The largest increase since 2020 was reported in the second half of 2021 (+9.0%), particularly in August, September, November and December. Breaking down the figures by province, the largest increases in hospital births was seen in East Flanders (+6.7%) and Antwerp (+6.2%).
Caesareans linked to obesity levels
2020 set the record for birth by caesarean section in Flanders with almost a quarter (22.5%) of babies born this way.
According to the SPE, caesarean sections increase with the mother’s age and BMI prior to pregnancy.

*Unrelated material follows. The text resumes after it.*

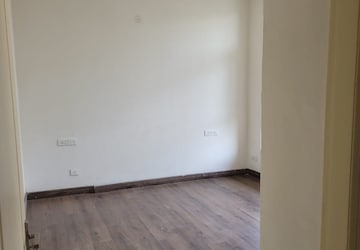 Room in 2 BHK Apartment at Sushma Green vista, Ghazipur – for Rent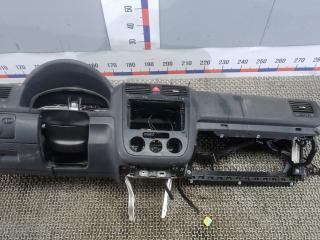 панель передняя салона (торпедо) Volkswagen Golf 5 поколение 2007, 1.4 л., бензин, МКПП, хетчбэк 5 дв., 1K1857001B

The rise in caesarean sections therefore highlights a rise in overweight mothers.
“At the start of the pregnancy, almost 40% of Flemish women have an unhealthy BMI of over 25.0 kg/m² (25.5% overweight and 14.3% obese).”
Figures show that this proportion is worryingly high: in 2011, 32.5% of mothers were overweight or obese; in 2020 this figure is 39.8 %.
The SPE warned that excessive BMI during pregnancy significantly increases the risk of diabetes and hypertension and that children of obese women are also significantly more likely to have weight problems themselves later in life.
Meanwhile, in comparison with the weeks before the first lockdown in 2020, there were significantly more births after spontaneous pregnancies during the rest of the year 2020. “The temporary closure of fertility centres may explain this,” the SPE stated.